Benedict in Auschwitz
"A German Pope Confronts Nazi Past" is the misleading hed on Ian Fishers' account of Pope Benedict's recent visit to Auschwitz. Let's tally the pope's "confrontations" with the past...
“A German Pope Confronts Nazi Past” is the misleading hed on Ian Fishers’ account of Pope Benedict’s recent visit to Auschwitz. Let’s tally the pope’s “confrontations” with the past:
–rather than suggest that responsibility for the Holocaust went beyond the Nazi Party, he laid the blame squarely on the party, absolving all others of communal blame and ignoring decades of scholarship;
–rather than recognize that the extermination of the Jews was the main project of the camps, he greeted 31 Polish Catholic survivors and one Jew;
–rather than confront Christendom’s complicity in fascism — the collaboration of millions and the obvious debt fascism owed to some Christian theologies (see Richard Steigmann-Gall’s authoritative study, The Holy Reich: Nazi Conceptions of Christianity 1919-45), Benedict declared Nazism an attempt to destroy “the tap root of the Christian faith.” “Tap root?” In my family, we call ourselves “Jews.” No doubt Benedict was trying to compliment Judaism, but he can hardly do so by recasting the Holocaust in the stark ideological terms of contemporary cultural war — as secularism vs. faith — a tactic usually embraced only by militant right wing of Christian conservatism.

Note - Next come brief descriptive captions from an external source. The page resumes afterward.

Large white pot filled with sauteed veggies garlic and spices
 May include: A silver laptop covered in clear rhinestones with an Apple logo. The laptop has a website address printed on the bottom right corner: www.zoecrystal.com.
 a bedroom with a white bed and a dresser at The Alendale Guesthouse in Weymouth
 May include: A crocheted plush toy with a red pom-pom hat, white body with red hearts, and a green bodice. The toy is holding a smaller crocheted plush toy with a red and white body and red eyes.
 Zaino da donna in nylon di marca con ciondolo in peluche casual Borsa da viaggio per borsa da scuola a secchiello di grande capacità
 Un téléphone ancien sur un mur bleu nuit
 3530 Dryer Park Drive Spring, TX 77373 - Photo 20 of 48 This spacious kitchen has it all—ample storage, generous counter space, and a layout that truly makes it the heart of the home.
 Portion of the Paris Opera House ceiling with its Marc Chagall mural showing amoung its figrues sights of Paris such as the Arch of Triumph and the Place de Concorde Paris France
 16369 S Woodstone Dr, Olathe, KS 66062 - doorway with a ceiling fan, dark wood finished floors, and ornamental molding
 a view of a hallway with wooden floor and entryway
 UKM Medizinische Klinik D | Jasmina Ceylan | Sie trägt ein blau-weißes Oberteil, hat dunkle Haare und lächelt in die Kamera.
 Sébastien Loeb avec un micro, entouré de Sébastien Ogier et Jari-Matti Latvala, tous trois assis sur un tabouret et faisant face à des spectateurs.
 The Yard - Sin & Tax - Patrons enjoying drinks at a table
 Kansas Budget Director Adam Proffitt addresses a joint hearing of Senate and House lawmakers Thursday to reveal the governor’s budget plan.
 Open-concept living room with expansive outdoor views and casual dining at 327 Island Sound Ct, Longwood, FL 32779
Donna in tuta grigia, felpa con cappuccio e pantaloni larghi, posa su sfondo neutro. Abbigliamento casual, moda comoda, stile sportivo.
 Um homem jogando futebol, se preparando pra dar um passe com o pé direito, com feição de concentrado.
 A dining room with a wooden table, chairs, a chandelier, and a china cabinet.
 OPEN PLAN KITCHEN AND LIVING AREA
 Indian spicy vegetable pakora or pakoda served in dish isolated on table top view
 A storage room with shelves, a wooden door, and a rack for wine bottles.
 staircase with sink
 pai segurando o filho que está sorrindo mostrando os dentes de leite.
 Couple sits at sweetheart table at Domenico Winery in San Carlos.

Benedict’s performance was repugnant, but The New York Times‘ was ignorant. The paper left uncontested Benedict’s historical revisionism. The Times‘ wasn’t obligated to dispute the pope’s theological version of history, but it should have done more to recognize the ways in which Benedict attempted to construct a narrative that redeems Christianity’s historical record at the expense of the dead — that is, a Times reporter covering a story that is so obviously about contested history ought to be more familiar with the dispute and to include the dispute within the story.
Absent that kind of intellectual reporting, the Times‘ story serves to reinforce Benedict’s conclusion, expressed in a turn of phrase that reveals a startling ignorance of the terms with which survivors and scholars of the Holocaust discuss genocide: “In the end,” declared the pope, “there can only be a dread silence, a silence that itself is a heartfelt cry to God.”
To Benedict’s silence — a theological descendant of Pius XII’s non-response to fascism — one might respond with “history,” which ought to be the foundation of journalism.